**DATA EXTRACT**

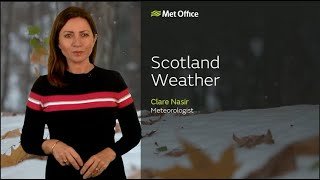 18/11/2025 - Snow and ice warnings - Scotland Weather Forecast UK – Met Office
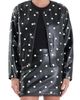 English Factory English Factory Polka Dot Faux Leather Jacket - 1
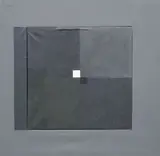 Pamela Harris, Unified Field Painting, No.6, Oil on canvas with lead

**WORK REQUIRED**
Transcribe all the lines above exactly; any image among them is skipped.

**YOUR SOLUTION**
 18/11/2025 - Snow and ice warnings - Scotland Weather Forecast UK – Met Office
 English Factory English Factory Polka Dot Faux Leather Jacket - 1
 Pamela Harris, Unified Field Painting, No.6, Oil on canvas with lead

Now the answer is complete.